4. Count of users/requests¶

Components in this group have UI or handle requests. For example, grafana have UI and handle requests which view on dashboards.

grafana
promxy
vmAuth
oAuth2-proxy

HWE profiles¶

Platform Monitoring has several profiles which can be used - small, medium and large. Set global.profile parameter to using one of these profiles else will be used medium values for each component of monitoring stack.

	Nodes	Pods	Points per minute
Small	1-6	less 100	less 1Mil
Medium	6-15	100-500	1-3Mil
Large	15+	500+	3+Mil

The Small profile is suitable for small cloud with nodes less 6, pods less 100 and points per minute less than 1Mil.
The Medium profile is suitable for cloud with 6-15 nodes, 100-500 pods and points per minute about 3Mil.
The Large profile is suitable for huge cloud with big count of nodes, pods and metrics. Nodes more than 15, pods more 500 and points per minute can be 10Mil.

Also, you can specify resource parameter for one or more components to override value from profile that uses for deploy.

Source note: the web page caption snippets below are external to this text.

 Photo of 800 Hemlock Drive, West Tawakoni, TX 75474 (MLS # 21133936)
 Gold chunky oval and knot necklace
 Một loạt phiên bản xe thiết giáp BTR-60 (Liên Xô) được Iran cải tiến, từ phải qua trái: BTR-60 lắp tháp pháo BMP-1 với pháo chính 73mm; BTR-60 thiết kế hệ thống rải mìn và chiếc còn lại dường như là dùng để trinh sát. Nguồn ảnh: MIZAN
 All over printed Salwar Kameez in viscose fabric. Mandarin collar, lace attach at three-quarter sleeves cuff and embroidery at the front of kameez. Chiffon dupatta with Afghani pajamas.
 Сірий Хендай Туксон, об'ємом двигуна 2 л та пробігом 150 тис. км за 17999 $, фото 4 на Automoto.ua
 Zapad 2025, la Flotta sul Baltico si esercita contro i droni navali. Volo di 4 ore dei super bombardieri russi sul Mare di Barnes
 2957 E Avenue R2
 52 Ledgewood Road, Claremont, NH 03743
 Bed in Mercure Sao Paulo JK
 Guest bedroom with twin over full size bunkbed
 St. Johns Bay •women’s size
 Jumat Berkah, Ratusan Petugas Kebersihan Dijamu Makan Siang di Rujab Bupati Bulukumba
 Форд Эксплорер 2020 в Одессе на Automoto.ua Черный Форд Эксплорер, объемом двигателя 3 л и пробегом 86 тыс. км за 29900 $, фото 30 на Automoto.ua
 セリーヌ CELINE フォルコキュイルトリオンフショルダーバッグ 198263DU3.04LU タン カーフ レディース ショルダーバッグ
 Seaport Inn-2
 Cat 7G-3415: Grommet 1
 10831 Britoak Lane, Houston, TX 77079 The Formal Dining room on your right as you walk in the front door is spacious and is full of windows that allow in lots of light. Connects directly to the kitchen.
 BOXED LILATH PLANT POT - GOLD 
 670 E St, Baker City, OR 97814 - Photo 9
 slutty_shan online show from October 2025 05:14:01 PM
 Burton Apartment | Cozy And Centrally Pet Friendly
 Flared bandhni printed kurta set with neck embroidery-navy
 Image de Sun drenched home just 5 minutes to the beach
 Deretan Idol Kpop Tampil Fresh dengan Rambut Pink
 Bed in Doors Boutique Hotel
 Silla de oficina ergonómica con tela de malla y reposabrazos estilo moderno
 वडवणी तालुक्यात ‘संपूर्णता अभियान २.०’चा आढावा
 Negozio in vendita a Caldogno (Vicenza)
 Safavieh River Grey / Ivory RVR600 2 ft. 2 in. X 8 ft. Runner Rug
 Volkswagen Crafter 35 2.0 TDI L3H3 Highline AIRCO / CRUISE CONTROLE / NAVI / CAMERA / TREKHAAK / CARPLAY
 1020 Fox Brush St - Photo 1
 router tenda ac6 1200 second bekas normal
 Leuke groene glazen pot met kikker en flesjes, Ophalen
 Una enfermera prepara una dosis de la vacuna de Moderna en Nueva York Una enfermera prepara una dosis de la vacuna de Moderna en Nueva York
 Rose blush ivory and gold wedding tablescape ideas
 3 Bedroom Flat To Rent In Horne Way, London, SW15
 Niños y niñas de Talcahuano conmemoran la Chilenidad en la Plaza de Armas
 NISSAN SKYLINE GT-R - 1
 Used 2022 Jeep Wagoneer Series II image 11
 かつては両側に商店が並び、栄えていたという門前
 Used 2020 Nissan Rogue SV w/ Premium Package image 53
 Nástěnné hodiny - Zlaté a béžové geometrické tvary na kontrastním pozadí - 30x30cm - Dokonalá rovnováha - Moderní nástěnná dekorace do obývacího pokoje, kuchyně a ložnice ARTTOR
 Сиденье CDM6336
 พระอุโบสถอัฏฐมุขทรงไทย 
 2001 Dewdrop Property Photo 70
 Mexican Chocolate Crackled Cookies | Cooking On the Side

Example, overriding resources for monitoring-operator and prometheus, but resources for other components will be used from small profile.

global:
  profile: "small"
monitoringOperator:
  resources:
    limits:
      cpu: 100m
      memory: 150Mi
    requests:
      cpu: 50m
      memory: 50Mi
prometheus:
  install: true
  resources:
    requests:
      cpu: 1000m
      memory: 2Gi
    limits:
      cpu: 3000m
      memory: 8Gi

NOTE: These profiles don't guarantee a stable work of each component. You can increase/override resource parameter if it needs. Our profiles can't cover all cases for all clouds. Examples with resource usage in different clouds.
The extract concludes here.